DATASET EXCERPTS: Begin
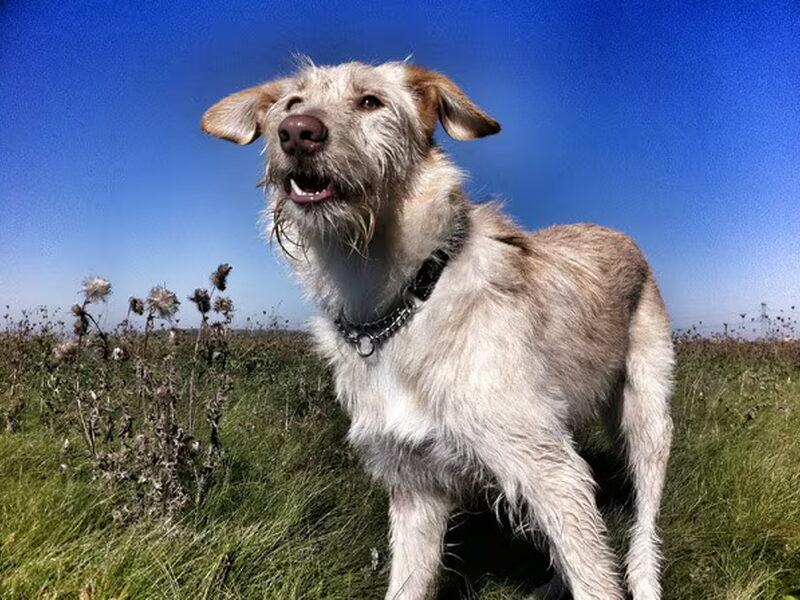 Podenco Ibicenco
DATASET EXCERPTS: End
DATASET EXCERPTS: Begin
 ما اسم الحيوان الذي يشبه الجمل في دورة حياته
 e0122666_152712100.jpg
DATASET EXCERPTS: End
YOUR OBJECTIVE
The required answer is the exact run of lines above starting at the line with "ما اسم الحيوان الذي يشبه الجمل في دورة حياته" and ending at the line with "e0122666_152712100.jpg", with both ends present.

TASK RESULT
 ما اسم الحيوان الذي يشبه الجمل في دورة حياته
 e0122666_152712100.jpg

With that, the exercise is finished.